So here's my idea....
1- use top to see all the java processes and threads by CPU utilization (capital H displays threads). This will cause top to show the nlwp of for the thread in the PID column
Example (from top data):
[root@host ~]# top -H -n 3 -b |grep tomcat | grep java | sort -rn -k 9 | head -1
6638 tomcat 20 0 10.5g 2.9g 12m S 98.9 39.2 0:03.16 java
2- Us ps -L -utomcat to grep out the nlwp and get the PID of tomcat owning it.
Example: I'm grepping for the LWP id. The first number is the PID and the second is the LWP id:
[root@host ~]# ps -L -utomcat |grep java | grep 6638
27628 6638 ? 00:00:03 java
3- So now I have the PID of the java process and the LWP id of the bad thread. I can take a stack trace of java. The stack track records the LWP as NID in hex. So we convert the NID in hex to LWP and we have the LWP.

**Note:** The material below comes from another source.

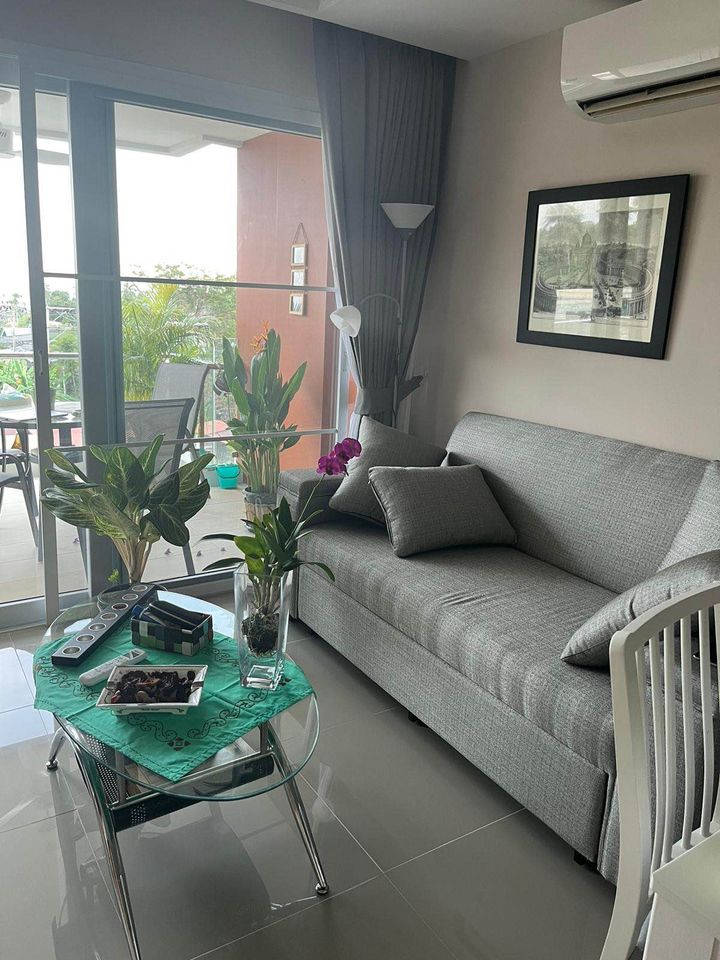 Cozy apartment in a new residential complex in Rawai, 1 bedroom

Do a kill -s SIGQUIT $tomcat_pid to the process to force a thread dump (which will write out to catalina.out for tomcat).[root@host ~]# kill -s SIGQUIT 27628
Then convert all the NID's to LWP's with a quick perl script that converts the hex to regular NLWP
(which I saved and named /tmp/convert-nid-to-lwp.pl).[root@host ~]# cat /usr/local/tomcat/default/logs/catalina.out.thread.dump.2013-10-09--13-54-49 | /tmp/convert-nid-to-lwp.pl > /usr/local/tomcat/default/logs/catalina.out.thread.dump.2013-10-09--13-54-49-nlwp
4- So now i have a thread dump with all the threads tagged by NLWP numbers. I find my NLWP dump in the thread dump and I've got a stack trace of the thread that's eating up all the CPU.